Bevan Brittan has overhauled its management structure as chief executive Stuart Whitfield (pictured) takes on the newly-created role of senior partner with Andrew Manning stepping up to become CEO.
The changes, which were announced last week (20 August) will see Manning, Bevan Brittan's former chief operating officer, become responsible for both the strategic direction and day-to-day management of the firm in his new role as CEO.
He will split his time between the firms' three offices in Bristol, London and Birmingham.
Manning said: "We must deliver services to a high standard and in a profitable way that meets our clients' needs. My job is to ensure we support and encourage each member of the Bevan Brittan team to achieve this and to achieve their individual and combined objectives."
The post of chief operating officer has now been scrapped.
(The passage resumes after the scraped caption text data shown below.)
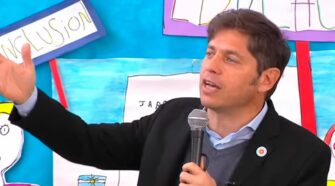 En Lomas de Zamora, Kicillof pidió "que nunca más vuelvan el odio y la violencia política"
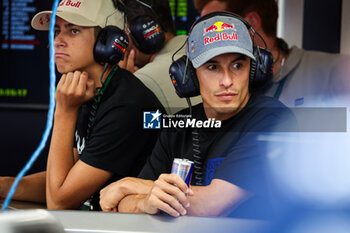 2024-06-21 - MotoGP rider Marc Marquez in the Red Bull Racing garage, box, during the Formula 1 Aramco Gran Premio de Espana 2024, 10th round of the 2024 Formula One World Championship from June 21 to 23, 2024 on the Circuit de Barcelona-Catalunya, in Montmeló, Spain - F1 - SPANISH GRAND PRIX 2024 - FORMULA 1 - MOTORS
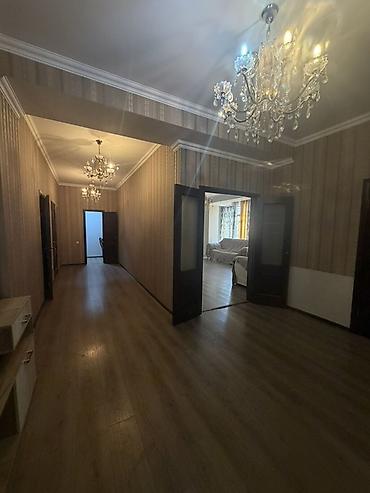 Продажа квартир: 3 комнаты, 143 м², 3 этаж — 10
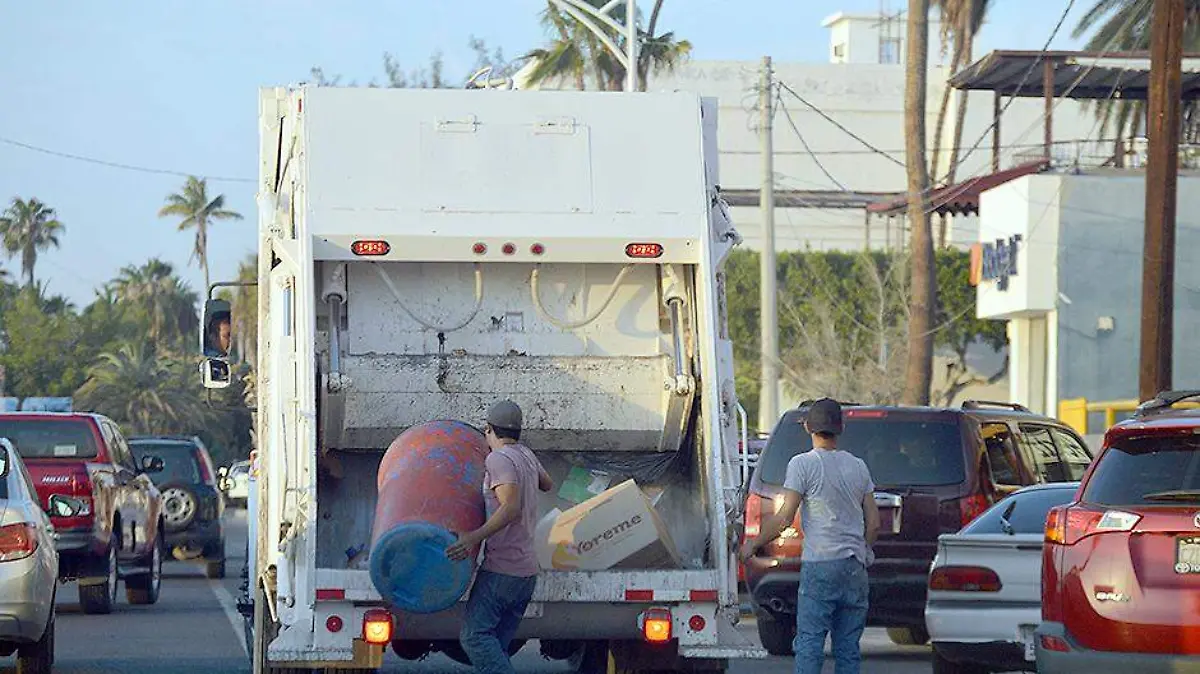 CAMION DE BASURA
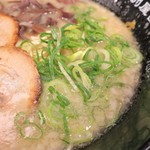 元祖博多 中洲屋台ラーメン　一竜 - 刻みねぎ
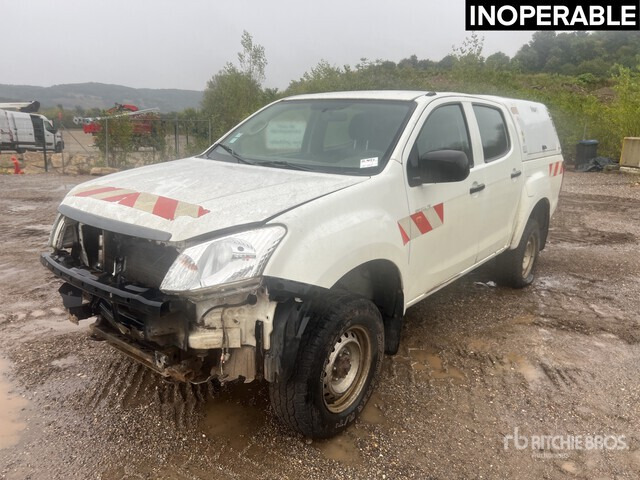 2013 Isuzu D-MAX 4x4 Dual Cab (Inoperable) Pickup - Pick-up: photos 1 2013 Isuzu D-MAX 4x4 Dual Cab (Inoperable) Pickup - Pick-up: photos 1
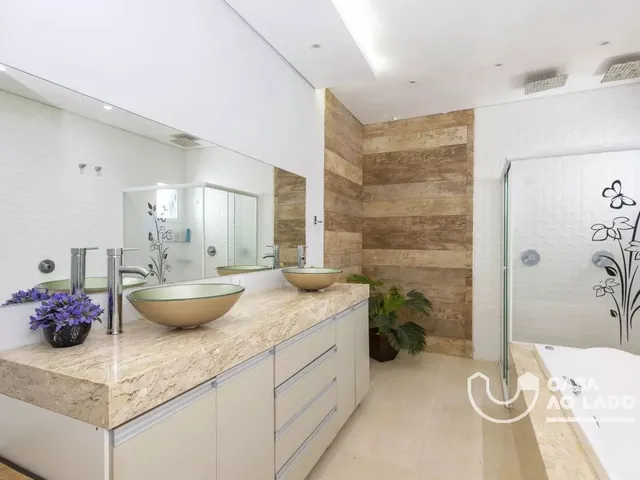 Casa 4 quartos e 4 banheiros, à venda, no bairro Campo Pequeno em Colombo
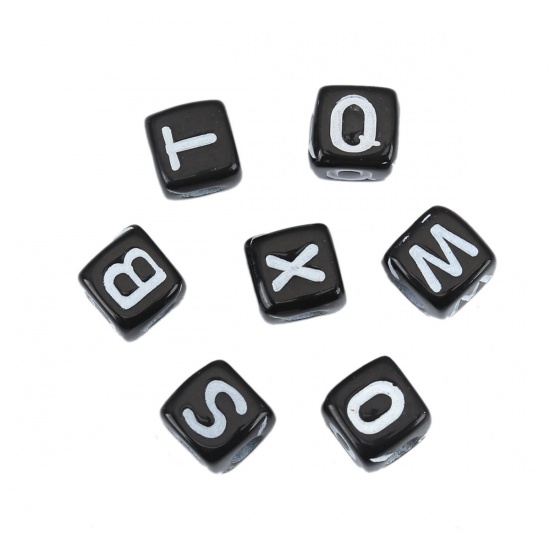Image de Perles en Acrylique Carré Couleur au Hasard Noir & Blanc Alphabet Initial/ Lettre Majuscule 5mm x 5mm, Trou: env. 2.1mm, 500 Pcs
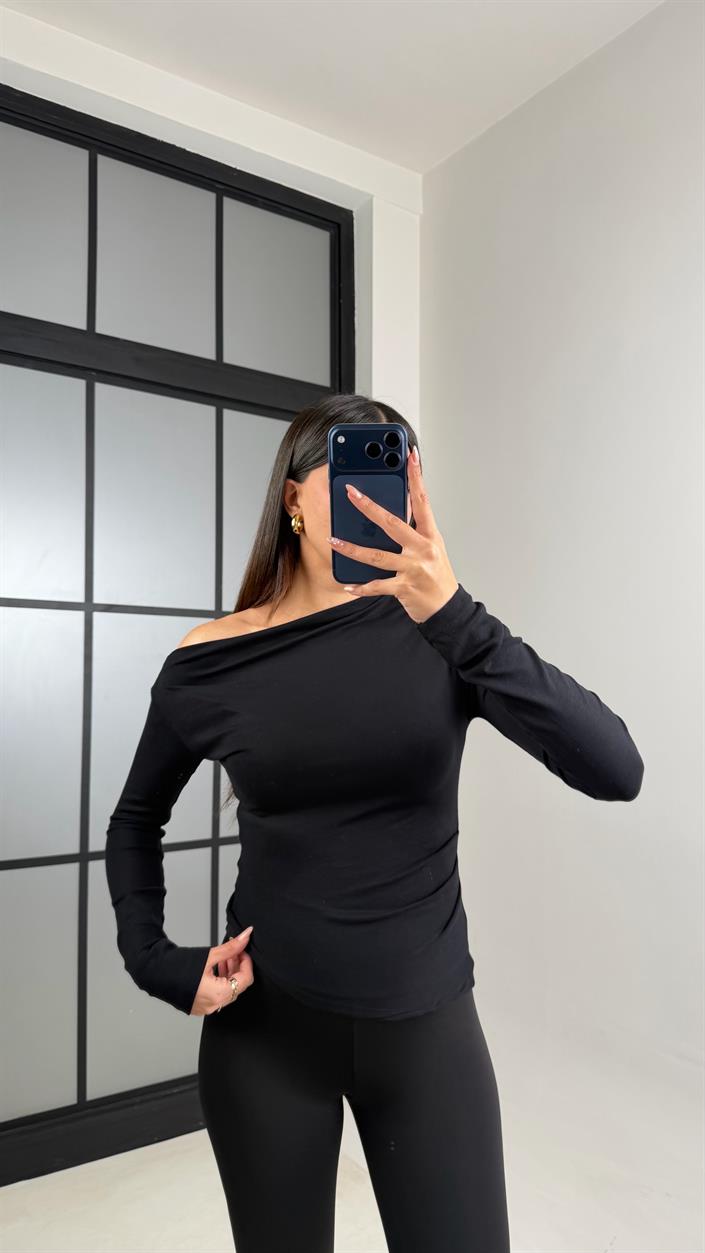 Siyah Kayık Yaka Örme Bluz GAUS-00872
Meanwhile, Whitfield has taken on the newly-created post of senior partner in a move that will see him take on an outward-facing, ambassadorial role for the firm. He has also taken on fee earning responsibilities in the commercial team.
The changes, which were reported in Legal Week last month, have also seen a change in the firm's corporate governance structure after reducing the firm's two management boards to one.
The 11-member board includes Manning, the finance, HR and commercial development directors, a non-executive director and three partners appointed by Manning - Julian Hoskins, David Widdowson and Adam Kendall, from the Bristol, London and Birmingham offices respectively.
In addition, a partner from each office will join the board following a partnership vote in September.
The changes, which follow a strategic review undertaken by Manning and commercial development director Sally Calverley last year, come as the firm aims to bolster profits.
Net profits at the firm dropped by 36.5% from £9.6m to £6.1m in 2007-08. The firm aims to increase profit next year to £8.5m. Profits per equity partner dropped to £184,000 from last year's figure of £234,000, even though the number of equity partners dropped from 41 to 33.
In May the firm announced a redundancy consultation which affected six fee earners and 24 support staff. The number was less than the original 40 that were expected to be cut.